Initial Phase

An asset agreement will usually be preceded by non-binding heads of terms which will deal with the agreement in principle, the process of due diligence and disclosure.  The heads of terms should cover the outline deal and will not usually be binding. Confidentiality and exclusivity obligations may be contained in separate agreements or may be incorporated in the heads of terms, which will be binding.

Once preliminary agreements are settled, the buyer should commence due diligence, which is an information gathering process about the target business.  The purpose is to give the buyer as broad a picture as possible of the business and everything relevant to it, including details of assets, transfer issues, timing and regulatory consents.

Different businesses will be comprised of different assets.  For example, the assets could include a property in the case of a hotel, intellectual property in the case of a software company, customers in the case of a large retail outlet or licenses in the case of a media outlet.

Due Diligence

The due diligence and information gathering process is designed to find out information on a number of areas which may impact upon the price to be paid.
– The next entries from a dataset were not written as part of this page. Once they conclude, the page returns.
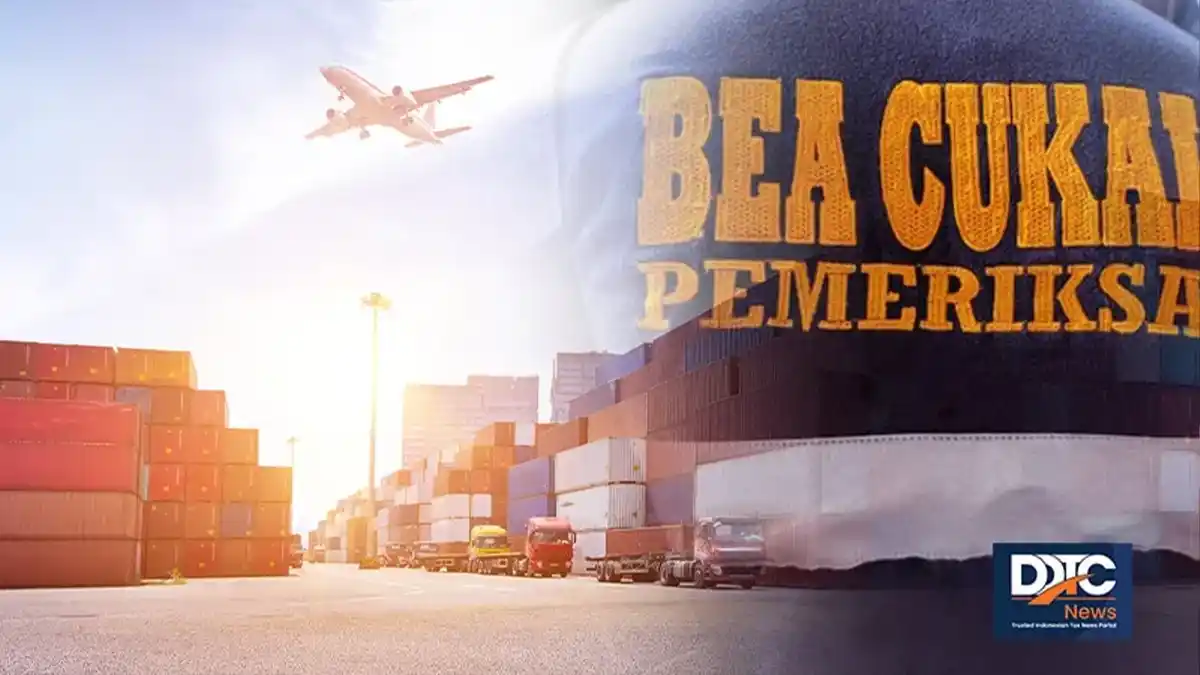 Hak dan Kewajiban Auditee dalam Audit Kepabeanan dan Cukai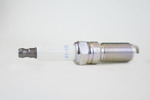 12680074 - : Part# 12680074 Iridium Spark Plug for Buick: Envision, LaCrosse | Cadillac: ATS | Chevrolet: Blazer, Colorado, Impala, Malibu, Malibu Limited | GMC: Acadia, Canyon Image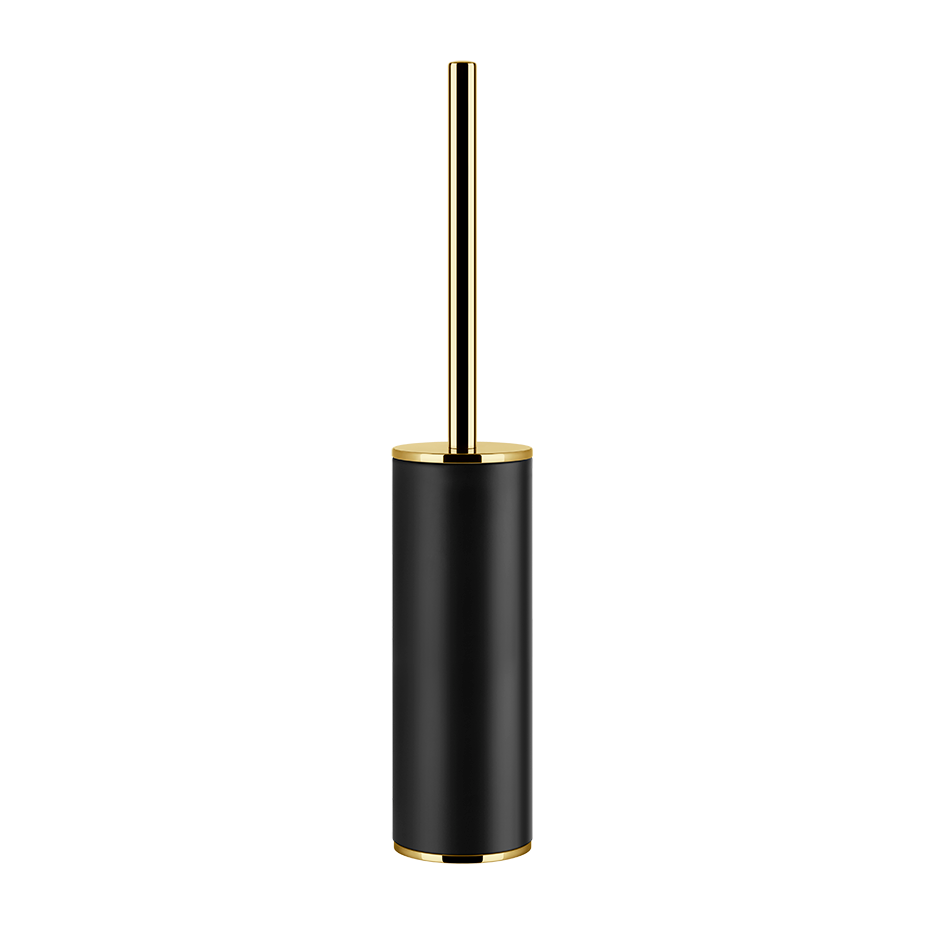 58544 - Gold Pvd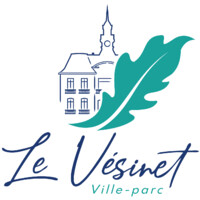 Mairie du Vésinet logo, Mairie du Vésinet contact details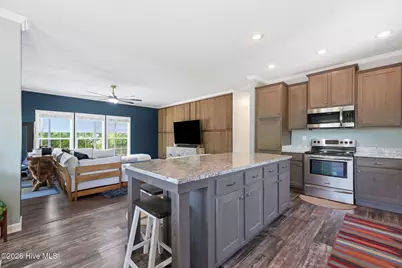 416 Ocean Spray Drive, Cedar Point, NC 28584 - Photo 10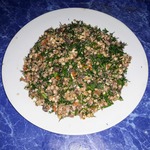 ��������� ������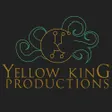 YellowKingProductions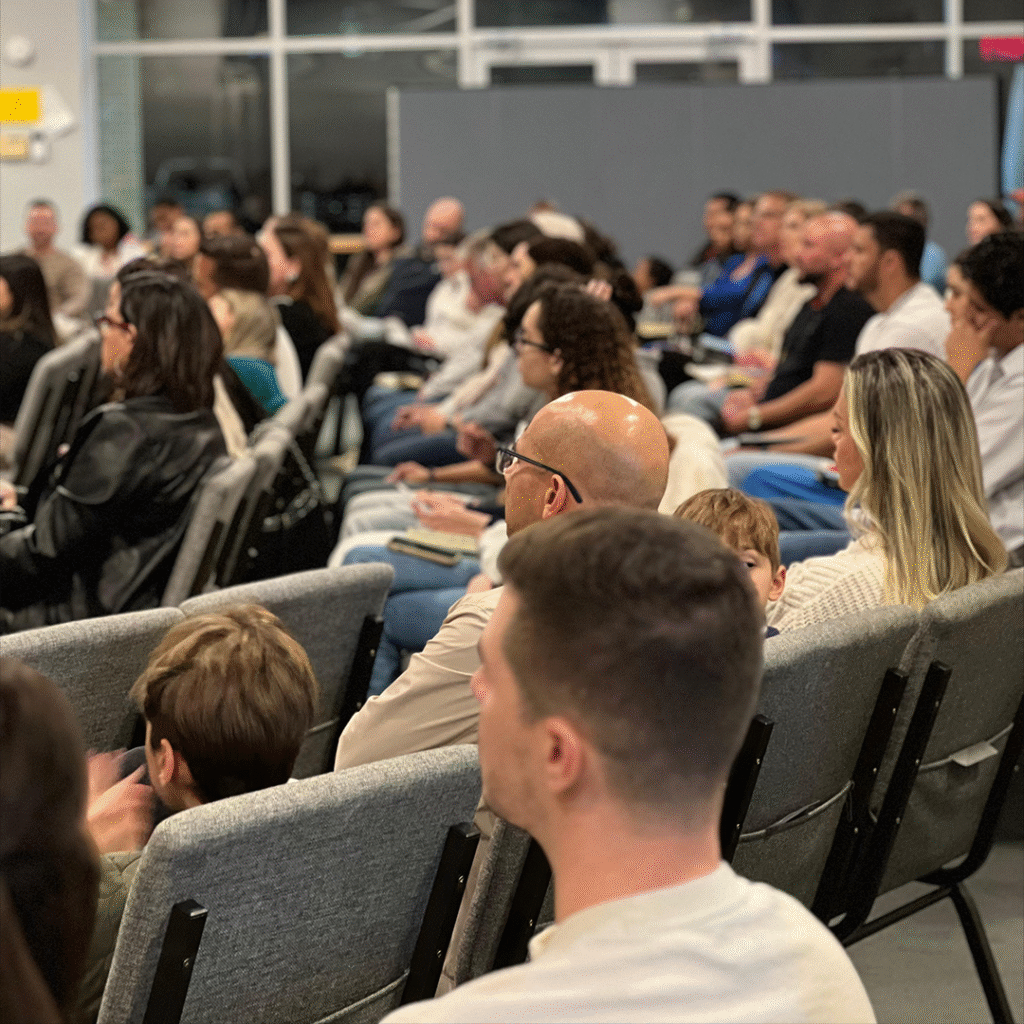 1_foto_Alcance_Myrtle_Beach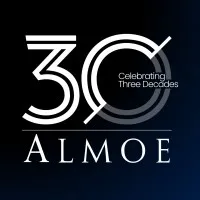 ALMOE Digital Solutions - India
The buyer will make its own enquiries based on information made available by the seller together with searches of public registries such as company searches, Land Registry and  IP registers.  The buyer will furnish an information request such as a due diligence questionnaire to elicit information.

A data room may be made available in which all relevant information is held. This can be done physically or on line.  This is common with an auction type sale. A key part of the process will be to involve instructing accountants to prepare a report on the target business.

Lender’s consent will be required to the change of control,  variation of loan terms or breach of covenant.  Landlord’s consent will be necessary if a business is held under leasehold property. The counterparties’ on major contracts consent will be required to any change of identity. Regulatory consent may be required, depending on the nature of the business. Where  significant competition issues are involved, the matter may be referred to the Competition Commission. Pensions obligations  may have implications.

Asset Purchase Agreement

An asset purchase agreement will be the key document which deals with the issues arising in the transfer of assets from the seller to buyer.  It is usually fairly lengthy, but not as lengthy as a share purchase agreement.

The parties will normally be the vendor and purchaser.  A guarantee may be appropriate in respect of the potential liabilities and warranties, where the vendor is being wound up or is a company without substantial value. The agreement will specify the assets to be transferred and set out the consideration and timing.

Warranties and indemnities will usually be given in relation to the assets. They will be more limited than in the case of a share purchase. A disclosure letter will water down the effect of warranties.  There will normally be general disclosures and specific disclosures relevant to specific issues.

After completion, it will be necessary to undertake announcements, to stamp the transfer, stamp assets, to pay stamp duty and stamp duty land tax, renew contracts with customers, suppliers and deal with administrative matters such as insurance, payroll, VAT etc.

As in Ireland, VAT is not transferrable when a sale is as a going concern.  Where this is not the case the transaction will be subject to VAT.

TUPE Obligations

Where a business or undertaking is purchased, the Transfer of Undertakings Protection of Employment (TUPE) Regulations apply. The Regulations provide that the  employees engaged in the business will be transferred to the buyer with all their current rights and contract terms. The Regulations do not apply to mere asset purchases (e.g. plant and equipment) only. They apply where any element of goodwill or a standalone business is bought.

Under the TUPE Regulations, it is not permissible to change an employee’s terms of contract if the transfer itself is the sole reason and the reason connected with the transfer is not an economic, technical or an organisationally reason relating to changes in the workforce. Any other dismissals would be deemed unfair.

TUPE Regulations require the buyer and seller to inform and consult with the representatives of the affected employees.  If redundancies are proposed the obligation to consult in relation to collective redundancies may arise. The trade union or elected employee or representative must be informed about the transfer long enough before to enable consultations to take place.  There is no prescribed time limit, but the consultation must take place in good time.

There is an obligation on the seller to provide certain information to the buyer about the transfer of employees, including details of identity, age, information contained in written particulars, information on collective agreements, disciplinary proceedings and legal actions taken by the employers within the last two years.

The TUPE obligations do not apply to Occupational Pension Schemes. Following a TUPE transfer, an obligation may apply where the seller has made contributions in the past.  If the buyer arranges for the employee to be a member of a scheme which is not a money purchase scheme  or a stakeholder scheme, it must ensure that the new scheme meets certain minimum standards and provides certain minimum benefits.